» Required action
Starting from the first line below, count every line holding the word "Earrings", then state the total alone.

%%

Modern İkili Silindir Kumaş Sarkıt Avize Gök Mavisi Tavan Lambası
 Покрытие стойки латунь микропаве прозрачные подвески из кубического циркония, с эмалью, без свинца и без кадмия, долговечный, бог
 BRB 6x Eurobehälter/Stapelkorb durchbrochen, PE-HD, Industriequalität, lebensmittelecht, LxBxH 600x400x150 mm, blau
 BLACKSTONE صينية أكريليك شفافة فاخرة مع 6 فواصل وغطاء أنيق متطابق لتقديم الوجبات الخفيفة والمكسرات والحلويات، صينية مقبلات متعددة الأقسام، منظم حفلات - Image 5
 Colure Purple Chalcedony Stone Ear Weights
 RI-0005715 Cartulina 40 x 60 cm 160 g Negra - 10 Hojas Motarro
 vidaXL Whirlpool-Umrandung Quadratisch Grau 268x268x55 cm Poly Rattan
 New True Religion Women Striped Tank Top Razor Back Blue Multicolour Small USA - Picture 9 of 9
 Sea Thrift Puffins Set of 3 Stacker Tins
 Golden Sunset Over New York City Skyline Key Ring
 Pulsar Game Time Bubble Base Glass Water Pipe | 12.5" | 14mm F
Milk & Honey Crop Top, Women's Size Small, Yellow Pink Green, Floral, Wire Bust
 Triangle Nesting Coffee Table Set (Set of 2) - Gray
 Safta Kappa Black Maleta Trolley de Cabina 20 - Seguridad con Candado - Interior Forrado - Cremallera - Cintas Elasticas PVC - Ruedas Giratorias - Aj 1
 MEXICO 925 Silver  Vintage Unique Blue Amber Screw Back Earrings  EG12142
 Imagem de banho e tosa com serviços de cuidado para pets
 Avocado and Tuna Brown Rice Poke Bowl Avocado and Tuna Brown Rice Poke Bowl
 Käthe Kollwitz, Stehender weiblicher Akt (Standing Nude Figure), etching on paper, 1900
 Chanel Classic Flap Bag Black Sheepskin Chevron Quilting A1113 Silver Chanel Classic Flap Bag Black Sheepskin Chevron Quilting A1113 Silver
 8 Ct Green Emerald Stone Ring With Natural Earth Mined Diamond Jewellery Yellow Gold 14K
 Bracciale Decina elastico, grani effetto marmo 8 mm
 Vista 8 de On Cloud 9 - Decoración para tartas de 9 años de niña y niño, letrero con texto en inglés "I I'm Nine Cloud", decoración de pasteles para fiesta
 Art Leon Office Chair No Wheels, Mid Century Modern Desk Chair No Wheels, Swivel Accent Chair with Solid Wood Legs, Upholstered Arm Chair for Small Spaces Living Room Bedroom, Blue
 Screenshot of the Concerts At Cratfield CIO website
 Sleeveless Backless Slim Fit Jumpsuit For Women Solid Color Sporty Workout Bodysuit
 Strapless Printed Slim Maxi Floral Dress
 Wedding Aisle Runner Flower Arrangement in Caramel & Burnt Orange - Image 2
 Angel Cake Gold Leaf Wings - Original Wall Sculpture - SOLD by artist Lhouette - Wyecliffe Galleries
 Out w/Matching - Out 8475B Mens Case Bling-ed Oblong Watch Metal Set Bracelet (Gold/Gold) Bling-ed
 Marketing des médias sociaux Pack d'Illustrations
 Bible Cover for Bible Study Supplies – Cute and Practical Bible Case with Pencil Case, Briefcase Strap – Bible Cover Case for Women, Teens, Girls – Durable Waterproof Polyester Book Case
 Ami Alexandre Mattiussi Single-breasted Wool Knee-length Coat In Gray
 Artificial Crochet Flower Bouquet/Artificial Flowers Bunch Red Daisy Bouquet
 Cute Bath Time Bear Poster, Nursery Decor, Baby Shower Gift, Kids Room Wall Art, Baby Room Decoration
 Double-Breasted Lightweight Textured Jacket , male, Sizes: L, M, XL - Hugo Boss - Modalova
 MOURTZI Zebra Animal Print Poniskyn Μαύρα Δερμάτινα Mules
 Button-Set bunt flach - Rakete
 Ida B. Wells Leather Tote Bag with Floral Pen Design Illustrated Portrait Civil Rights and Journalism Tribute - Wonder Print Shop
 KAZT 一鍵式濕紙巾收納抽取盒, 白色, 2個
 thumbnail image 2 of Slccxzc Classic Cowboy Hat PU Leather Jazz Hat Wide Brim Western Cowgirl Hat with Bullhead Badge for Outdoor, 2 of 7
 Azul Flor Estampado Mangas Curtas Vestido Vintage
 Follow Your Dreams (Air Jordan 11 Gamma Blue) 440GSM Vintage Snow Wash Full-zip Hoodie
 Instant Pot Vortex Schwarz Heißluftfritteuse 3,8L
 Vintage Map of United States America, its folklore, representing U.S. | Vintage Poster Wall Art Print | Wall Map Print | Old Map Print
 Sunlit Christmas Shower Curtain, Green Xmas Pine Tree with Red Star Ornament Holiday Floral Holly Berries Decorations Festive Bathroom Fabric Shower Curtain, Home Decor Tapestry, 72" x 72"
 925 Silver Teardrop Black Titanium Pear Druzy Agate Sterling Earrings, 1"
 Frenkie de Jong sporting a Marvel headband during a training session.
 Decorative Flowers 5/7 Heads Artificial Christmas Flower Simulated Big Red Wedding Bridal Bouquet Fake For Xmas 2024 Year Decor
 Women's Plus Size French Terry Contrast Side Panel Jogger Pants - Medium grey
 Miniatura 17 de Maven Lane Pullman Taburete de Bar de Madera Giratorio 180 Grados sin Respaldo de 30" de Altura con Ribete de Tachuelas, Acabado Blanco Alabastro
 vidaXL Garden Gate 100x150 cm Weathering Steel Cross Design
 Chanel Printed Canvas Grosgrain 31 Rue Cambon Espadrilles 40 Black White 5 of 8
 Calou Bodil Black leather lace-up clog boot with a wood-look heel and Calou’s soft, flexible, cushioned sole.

%%

» Solution for this task
2